Día litúrgico: Sábado XXIV
del tiempo ordinario
Texto del Evangelio (Lc 8,4-15): En aquel tiempo, habiéndose congregado
mucha gente, y viniendo a Él de todas las ciudades, dijo en parábola: «Salió un
sembrador a sembrar su simiente; y al sembrar, una parte cayó a lo largo del
camino, fue pisada, y las aves del cielo se la comieron; otra cayó sobre
piedra, y después de brotar, se secó, por no tener humedad; otra cayó en medio
de abrojos, y creciendo con ella los abrojos, la ahogaron. Y otra cayó en
tierra buena, y creciendo dio fruto centuplicado». Dicho esto, exclamó: «El que
tenga oídos para oír, que oiga».
Le
preguntaban sus discípulos qué significaba esta parábola, y Él dijo: «A
vosotros se os ha dado el conocer los misterios del Reino de Dios; a los demás
sólo en parábolas, para que viendo, no vean y, oyendo, no entiendan.
»La
parábola quiere decir esto: La simiente es la Palabra de Dios. Los de a lo
largo del camino, son los que han oído; después viene el diablo y se lleva de
su corazón la Palabra, no sea que crean y se salven. Los de sobre piedra son
los que, al oír la Palabra, la reciben con alegría; pero éstos no tienen raíz;
creen por algún tiempo, pero a la hora de la prueba desisten. Lo que cayó entre
los abrojos, son los que han oído, pero a lo largo de su caminar son ahogados
por las preocupaciones, las riquezas y los placeres de la vida, y no llegan a
madurez. Lo que cae en buena tierra, son los que, después de haber oído,
conservan la Palabra con corazón bueno y recto, y dan fruto con perseverancia».

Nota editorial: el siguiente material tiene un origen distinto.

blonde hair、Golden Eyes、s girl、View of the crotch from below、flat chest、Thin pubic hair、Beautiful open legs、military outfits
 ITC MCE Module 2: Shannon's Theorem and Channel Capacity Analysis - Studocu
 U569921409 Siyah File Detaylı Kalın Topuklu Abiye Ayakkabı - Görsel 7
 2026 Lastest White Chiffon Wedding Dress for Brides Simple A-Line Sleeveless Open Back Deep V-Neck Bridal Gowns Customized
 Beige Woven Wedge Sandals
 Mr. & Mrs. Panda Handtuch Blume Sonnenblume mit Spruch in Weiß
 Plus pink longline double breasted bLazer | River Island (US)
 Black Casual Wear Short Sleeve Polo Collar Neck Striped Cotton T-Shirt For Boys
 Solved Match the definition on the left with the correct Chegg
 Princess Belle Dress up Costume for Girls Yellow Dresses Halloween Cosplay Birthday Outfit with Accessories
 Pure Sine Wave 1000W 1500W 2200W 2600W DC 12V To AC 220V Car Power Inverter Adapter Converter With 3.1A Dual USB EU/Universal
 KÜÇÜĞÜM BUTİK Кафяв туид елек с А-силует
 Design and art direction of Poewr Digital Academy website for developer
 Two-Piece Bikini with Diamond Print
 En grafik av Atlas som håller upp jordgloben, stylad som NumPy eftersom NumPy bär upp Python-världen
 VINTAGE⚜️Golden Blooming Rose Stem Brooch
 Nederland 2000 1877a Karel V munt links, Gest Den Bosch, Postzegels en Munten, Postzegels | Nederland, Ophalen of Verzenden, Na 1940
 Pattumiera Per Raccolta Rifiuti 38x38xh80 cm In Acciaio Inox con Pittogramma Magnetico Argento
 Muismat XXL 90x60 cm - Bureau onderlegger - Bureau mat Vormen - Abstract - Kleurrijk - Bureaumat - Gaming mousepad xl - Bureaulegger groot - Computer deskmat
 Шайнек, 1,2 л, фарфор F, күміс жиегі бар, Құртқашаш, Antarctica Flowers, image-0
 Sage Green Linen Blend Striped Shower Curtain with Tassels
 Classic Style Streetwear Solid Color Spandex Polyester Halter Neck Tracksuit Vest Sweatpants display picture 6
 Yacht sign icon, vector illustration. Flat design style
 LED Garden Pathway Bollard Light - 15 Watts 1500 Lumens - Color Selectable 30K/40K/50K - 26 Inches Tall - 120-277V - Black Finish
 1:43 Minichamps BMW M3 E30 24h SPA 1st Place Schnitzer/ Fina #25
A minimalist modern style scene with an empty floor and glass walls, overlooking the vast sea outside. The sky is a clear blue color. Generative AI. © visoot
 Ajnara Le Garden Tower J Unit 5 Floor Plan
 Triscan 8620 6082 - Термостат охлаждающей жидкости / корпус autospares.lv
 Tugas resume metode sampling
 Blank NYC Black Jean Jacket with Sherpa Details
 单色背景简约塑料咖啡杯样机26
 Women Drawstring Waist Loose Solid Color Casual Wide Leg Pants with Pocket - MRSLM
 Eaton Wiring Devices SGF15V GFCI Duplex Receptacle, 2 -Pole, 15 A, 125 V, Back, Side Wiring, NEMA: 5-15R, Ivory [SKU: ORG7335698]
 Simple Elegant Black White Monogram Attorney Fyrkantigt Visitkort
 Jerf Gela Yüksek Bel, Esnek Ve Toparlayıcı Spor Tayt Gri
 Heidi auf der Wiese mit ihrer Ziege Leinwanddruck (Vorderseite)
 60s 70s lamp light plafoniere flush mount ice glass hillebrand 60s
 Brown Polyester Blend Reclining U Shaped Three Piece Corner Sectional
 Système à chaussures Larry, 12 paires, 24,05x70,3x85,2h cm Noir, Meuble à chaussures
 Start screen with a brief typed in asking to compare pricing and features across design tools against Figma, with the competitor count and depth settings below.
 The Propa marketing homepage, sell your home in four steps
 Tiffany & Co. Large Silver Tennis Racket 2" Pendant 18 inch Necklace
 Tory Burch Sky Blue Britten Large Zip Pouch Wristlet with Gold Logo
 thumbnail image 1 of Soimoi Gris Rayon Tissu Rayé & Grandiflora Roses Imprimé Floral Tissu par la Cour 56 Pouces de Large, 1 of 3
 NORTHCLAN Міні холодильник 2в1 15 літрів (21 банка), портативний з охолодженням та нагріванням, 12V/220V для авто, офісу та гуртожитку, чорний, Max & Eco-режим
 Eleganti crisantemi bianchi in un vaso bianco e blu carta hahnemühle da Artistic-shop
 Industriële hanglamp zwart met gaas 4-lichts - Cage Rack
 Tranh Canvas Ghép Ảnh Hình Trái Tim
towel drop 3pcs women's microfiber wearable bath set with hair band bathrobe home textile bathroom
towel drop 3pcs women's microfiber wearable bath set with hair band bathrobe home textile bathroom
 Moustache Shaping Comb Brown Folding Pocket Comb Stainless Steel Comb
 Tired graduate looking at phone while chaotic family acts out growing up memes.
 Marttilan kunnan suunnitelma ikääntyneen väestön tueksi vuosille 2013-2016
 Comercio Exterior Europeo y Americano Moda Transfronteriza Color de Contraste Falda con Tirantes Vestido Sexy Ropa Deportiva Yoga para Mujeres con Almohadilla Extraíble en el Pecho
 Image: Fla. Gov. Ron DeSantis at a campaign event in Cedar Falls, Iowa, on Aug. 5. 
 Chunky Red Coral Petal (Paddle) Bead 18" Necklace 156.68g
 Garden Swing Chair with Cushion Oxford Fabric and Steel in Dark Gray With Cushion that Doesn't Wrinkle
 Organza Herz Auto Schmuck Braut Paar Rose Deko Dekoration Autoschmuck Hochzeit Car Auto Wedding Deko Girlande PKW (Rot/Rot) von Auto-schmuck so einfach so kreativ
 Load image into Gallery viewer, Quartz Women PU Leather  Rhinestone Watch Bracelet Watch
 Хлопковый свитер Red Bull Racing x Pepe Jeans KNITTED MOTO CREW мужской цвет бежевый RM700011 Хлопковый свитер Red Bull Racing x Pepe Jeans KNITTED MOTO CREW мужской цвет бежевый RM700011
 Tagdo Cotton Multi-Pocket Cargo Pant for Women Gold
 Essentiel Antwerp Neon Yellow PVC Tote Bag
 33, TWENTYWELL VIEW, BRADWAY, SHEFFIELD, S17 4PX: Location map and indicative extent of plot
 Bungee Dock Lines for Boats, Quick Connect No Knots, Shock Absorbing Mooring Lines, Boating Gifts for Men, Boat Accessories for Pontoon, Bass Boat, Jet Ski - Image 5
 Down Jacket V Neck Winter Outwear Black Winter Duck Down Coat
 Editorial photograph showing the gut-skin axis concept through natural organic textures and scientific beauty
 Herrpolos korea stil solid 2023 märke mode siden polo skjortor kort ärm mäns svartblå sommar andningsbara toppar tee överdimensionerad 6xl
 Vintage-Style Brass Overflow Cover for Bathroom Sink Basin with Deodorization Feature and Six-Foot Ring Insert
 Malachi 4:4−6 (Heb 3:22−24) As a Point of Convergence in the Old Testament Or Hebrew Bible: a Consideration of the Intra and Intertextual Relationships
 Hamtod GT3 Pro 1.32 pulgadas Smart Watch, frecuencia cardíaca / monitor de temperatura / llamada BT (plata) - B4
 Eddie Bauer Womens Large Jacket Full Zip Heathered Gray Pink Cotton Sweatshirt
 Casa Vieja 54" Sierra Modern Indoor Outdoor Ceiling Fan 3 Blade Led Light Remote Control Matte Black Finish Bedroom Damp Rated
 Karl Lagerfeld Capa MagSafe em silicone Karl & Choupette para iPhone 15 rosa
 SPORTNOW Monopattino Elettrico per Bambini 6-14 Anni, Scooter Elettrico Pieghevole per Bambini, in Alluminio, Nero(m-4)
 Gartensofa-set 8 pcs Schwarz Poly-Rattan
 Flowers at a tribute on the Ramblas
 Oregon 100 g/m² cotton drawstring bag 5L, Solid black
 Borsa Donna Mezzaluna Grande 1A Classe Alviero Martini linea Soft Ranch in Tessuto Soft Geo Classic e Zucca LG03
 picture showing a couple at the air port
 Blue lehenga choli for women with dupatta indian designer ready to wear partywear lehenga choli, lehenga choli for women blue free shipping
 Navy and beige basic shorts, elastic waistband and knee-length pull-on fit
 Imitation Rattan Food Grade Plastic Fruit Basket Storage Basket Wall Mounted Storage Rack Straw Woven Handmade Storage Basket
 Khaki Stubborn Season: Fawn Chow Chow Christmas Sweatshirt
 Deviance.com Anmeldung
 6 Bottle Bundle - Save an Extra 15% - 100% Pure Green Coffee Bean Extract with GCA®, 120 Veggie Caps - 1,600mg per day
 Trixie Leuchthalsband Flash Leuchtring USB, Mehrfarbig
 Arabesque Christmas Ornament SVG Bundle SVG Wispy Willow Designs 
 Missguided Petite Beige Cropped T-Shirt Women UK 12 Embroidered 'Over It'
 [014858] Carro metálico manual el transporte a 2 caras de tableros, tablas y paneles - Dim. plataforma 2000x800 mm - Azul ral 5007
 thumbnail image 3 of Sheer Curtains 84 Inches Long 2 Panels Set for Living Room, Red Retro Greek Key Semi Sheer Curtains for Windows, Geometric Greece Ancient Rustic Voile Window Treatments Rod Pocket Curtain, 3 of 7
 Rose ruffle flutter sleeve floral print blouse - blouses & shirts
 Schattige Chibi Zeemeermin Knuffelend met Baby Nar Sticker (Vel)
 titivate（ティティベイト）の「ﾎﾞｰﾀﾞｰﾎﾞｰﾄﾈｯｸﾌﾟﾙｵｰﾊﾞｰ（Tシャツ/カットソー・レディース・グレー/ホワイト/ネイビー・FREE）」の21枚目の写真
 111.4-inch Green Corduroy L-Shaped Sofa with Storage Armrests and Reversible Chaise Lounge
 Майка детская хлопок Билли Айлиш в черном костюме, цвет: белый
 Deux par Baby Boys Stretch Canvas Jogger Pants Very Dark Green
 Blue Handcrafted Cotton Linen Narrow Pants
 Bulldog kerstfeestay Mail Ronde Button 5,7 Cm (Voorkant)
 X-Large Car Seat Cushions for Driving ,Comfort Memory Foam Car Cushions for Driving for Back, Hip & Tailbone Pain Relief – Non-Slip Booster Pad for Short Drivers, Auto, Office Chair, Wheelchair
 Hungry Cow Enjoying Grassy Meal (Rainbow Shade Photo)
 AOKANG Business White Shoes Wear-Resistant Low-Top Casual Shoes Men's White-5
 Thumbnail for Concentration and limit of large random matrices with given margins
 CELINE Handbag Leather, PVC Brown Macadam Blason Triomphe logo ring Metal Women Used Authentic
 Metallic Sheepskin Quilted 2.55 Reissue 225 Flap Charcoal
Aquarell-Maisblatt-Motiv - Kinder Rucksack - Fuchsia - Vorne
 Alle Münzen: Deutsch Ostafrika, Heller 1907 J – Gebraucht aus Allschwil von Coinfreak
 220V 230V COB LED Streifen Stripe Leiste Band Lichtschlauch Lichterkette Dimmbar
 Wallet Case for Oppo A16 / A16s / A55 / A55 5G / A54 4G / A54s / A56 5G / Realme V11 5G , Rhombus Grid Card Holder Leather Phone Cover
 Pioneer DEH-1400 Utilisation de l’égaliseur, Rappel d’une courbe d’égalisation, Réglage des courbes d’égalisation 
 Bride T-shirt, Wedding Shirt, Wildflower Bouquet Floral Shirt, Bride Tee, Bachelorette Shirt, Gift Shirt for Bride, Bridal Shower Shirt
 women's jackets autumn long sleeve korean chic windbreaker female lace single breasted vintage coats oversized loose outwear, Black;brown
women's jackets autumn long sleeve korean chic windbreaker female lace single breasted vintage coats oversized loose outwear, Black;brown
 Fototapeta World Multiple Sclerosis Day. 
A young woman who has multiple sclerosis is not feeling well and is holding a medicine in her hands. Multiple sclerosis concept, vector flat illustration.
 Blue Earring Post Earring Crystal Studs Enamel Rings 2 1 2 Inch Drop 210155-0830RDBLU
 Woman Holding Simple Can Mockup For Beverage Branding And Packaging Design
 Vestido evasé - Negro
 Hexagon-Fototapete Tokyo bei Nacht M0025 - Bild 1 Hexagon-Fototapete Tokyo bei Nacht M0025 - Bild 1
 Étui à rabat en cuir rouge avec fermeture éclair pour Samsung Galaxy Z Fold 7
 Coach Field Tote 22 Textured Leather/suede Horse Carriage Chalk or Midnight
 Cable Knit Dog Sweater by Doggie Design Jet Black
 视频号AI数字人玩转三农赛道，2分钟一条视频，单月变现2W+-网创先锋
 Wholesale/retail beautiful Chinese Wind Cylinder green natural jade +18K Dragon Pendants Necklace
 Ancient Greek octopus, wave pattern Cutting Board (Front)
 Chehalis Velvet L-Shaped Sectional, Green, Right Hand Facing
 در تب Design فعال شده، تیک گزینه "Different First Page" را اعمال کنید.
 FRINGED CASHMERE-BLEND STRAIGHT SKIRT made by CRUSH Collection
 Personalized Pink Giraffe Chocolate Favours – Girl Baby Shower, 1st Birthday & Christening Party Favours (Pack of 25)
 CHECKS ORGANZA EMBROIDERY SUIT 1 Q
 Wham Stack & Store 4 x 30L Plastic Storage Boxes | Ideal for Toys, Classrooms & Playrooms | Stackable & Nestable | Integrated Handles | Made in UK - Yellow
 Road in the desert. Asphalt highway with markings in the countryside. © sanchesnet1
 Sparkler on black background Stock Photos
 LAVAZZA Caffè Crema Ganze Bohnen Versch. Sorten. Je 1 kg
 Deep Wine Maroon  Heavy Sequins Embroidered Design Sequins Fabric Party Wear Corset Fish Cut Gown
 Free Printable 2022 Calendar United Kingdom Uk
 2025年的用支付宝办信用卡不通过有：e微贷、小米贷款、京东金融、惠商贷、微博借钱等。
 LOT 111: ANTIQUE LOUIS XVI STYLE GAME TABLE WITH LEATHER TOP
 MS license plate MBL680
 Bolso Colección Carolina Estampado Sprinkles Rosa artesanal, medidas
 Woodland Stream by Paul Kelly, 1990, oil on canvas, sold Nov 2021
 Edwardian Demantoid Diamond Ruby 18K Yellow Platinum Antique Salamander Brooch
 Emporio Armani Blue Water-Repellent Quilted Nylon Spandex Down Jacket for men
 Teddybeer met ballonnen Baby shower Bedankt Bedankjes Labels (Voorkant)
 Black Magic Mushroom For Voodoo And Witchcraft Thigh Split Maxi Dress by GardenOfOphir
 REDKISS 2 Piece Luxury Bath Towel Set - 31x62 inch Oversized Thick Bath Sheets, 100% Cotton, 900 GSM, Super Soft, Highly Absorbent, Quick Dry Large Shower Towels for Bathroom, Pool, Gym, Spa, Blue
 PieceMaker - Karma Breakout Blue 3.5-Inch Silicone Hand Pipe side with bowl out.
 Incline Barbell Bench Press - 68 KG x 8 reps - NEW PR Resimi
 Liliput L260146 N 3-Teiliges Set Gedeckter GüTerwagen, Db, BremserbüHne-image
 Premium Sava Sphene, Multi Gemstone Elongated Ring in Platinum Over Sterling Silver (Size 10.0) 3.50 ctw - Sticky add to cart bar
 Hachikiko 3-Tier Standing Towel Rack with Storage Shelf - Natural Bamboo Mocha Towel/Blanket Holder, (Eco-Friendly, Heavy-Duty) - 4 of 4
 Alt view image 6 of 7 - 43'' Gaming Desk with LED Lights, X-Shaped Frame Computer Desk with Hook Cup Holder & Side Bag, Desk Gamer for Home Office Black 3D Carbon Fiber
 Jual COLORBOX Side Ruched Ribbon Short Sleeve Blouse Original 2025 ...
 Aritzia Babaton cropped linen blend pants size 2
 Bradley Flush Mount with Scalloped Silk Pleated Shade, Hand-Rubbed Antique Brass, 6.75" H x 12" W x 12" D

Comentario: Rev. D. Lluís RAVENTÓS i Artés (Tarragona, España).
«Lo
que cae en buena tierra, son los que (...) dan fruto con perseverancia»
Hoy,
Jesús nos habla de un sembrador que salió «a sembrar su simiente» (Lc 8,5) y
aquella simiente era precisamente «la Palabra de Dios». Pero «creciendo con
ella los abrojos, la ahogaron» (Lc 8,7).
Hay
una gran variedad de abrojos. «Lo que cayó entre los abrojos, son los que han
oído, pero a lo largo de su caminar son ahogados por las preocupaciones, las
riquezas y los placeres de la vida, y no llegan a madurez» (Lc 8,14).
—Señor,
¿acaso soy yo culpable de tener preocupaciones? Ya quisiera no tenerlas, ¡pero
me vienen por todas partes! No entiendo por qué han de privarme de tu Palabra,
si no son pecado, ni vicio, ni defecto.
—¡Porque
olvidas que Yo soy tu Padre y te dejas esclavizar por un mañana que no sabes si
llegará!
«Si
viviéramos con más confianza en la Providencia divina, seguros —¡con una
firmísima fe!— de esta protección diaria que nunca nos falta, ¡cuántas
preocupaciones o inquietudes nos ahorraríamos! Desaparecerían un montón de
quimeras que, en boca de Jesús, son propias de paganos, de hombres mundanos
(cf. Lc 12,30), de las personas que son carentes de sentido sobrenatural (...).
Yo quisiera grabar a fuego en vuestra mente —nos dice san Josemaría— que tenemos todos los motivos para andar con
optimismo en esta tierra, con el alma desasida del todo de tantas cosas que
parecen imprescindibles, puesto que vuestro Padre sabe muy bien lo que
necesitáis! (cf. Lc 12,30), y Él proveerá». Dijo David: «Pon tu destino en
manos del Señor, y él te sostendrá» (Sal 55,23). Así lo hizo san José cuando el
Señor lo probó: reflexionó, consultó, oró, tomó una resolución y lo dejó todo
en manos de Dios. Cuando vino el Ángel —comenta Mn. Ballarín—, no osó
despertarlo y le habló en sueños. En fin, «Yo no debo tener más preocupaciones que
tu Gloria..., en una palabra, tu Amor» (San Josemaría).